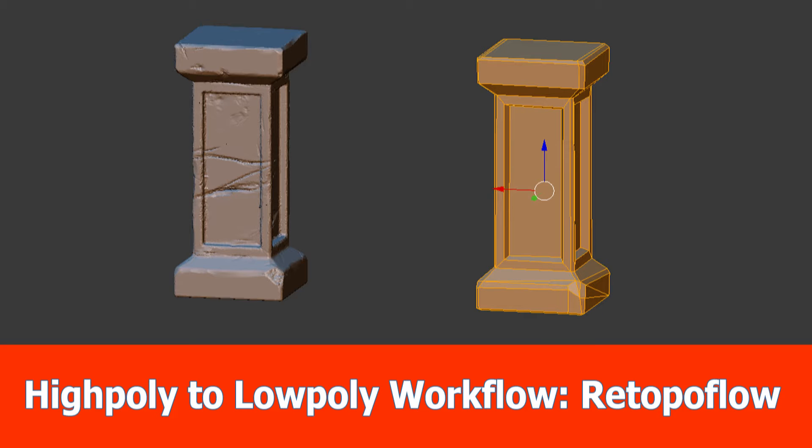Hello guys, this is JNM with the third part of the High Poly to Low Poly series.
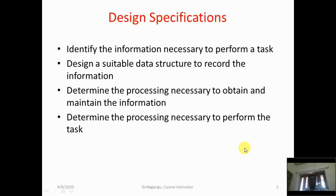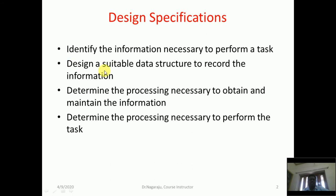For assembler design specifications, the first aspect is to identify the information necessary to perform a task. The second design aspect is to design suitable data structures to record the information. To perform a task, we first need to identify what information is required, and then design appropriate data structures to store that information.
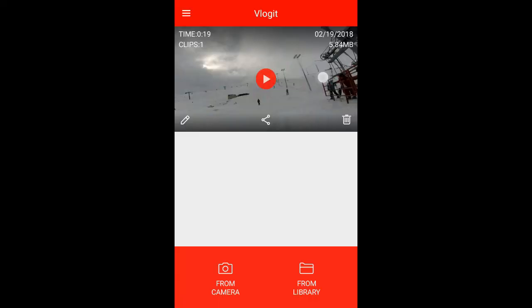Today I'm going to show you how to make a thumbnail using Vlogit. If you want a full tutorial on this application, make sure to watch my other video. So without wasting any time, let's get right into it.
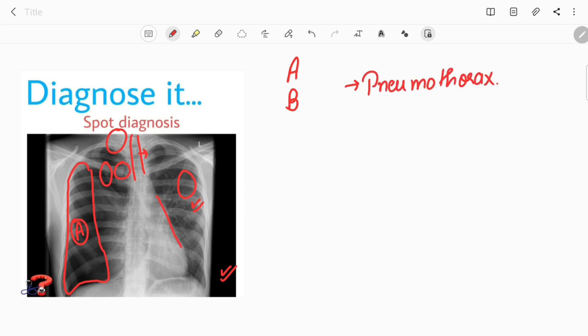Coming to the cardiac shadow, you can see there is a shifted cardiac shadow — the mediastinum is shifted towards the left. There is also a left shift of the mediastinum. The diaphragm is looking basically normal.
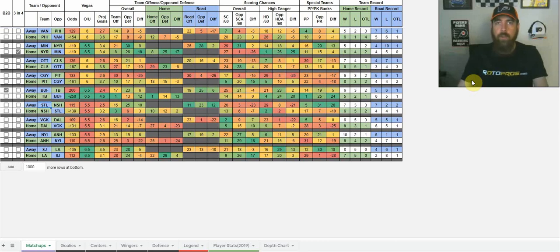Hello hockey fans, Chris Terrell here with RotorPros.com to bring you my DFS NHL Jägerbomb Shots of the Night.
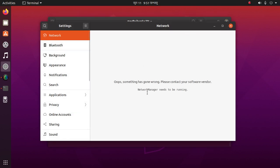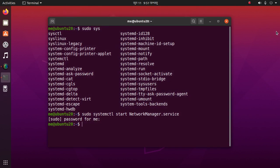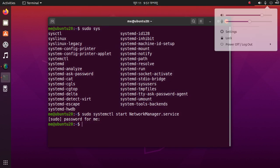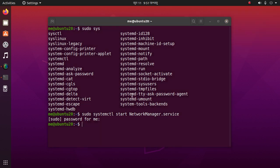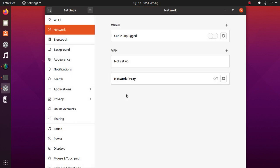Reopen Settings — it's fixed, this problem is solved.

- [Your objective]: Your output should consist solely of the lines from the line containing "Hello hockey fans, Chris" through the last line of the entries, verbatim, minus any pictures.

- [Solution to this problem]:
Hello hockey fans, Chris Terrell here with RotorPros.com to bring you my DFS NHL Jägerbomb Shots of the Night.
Reopen Settings — it's fixed, this problem is solved.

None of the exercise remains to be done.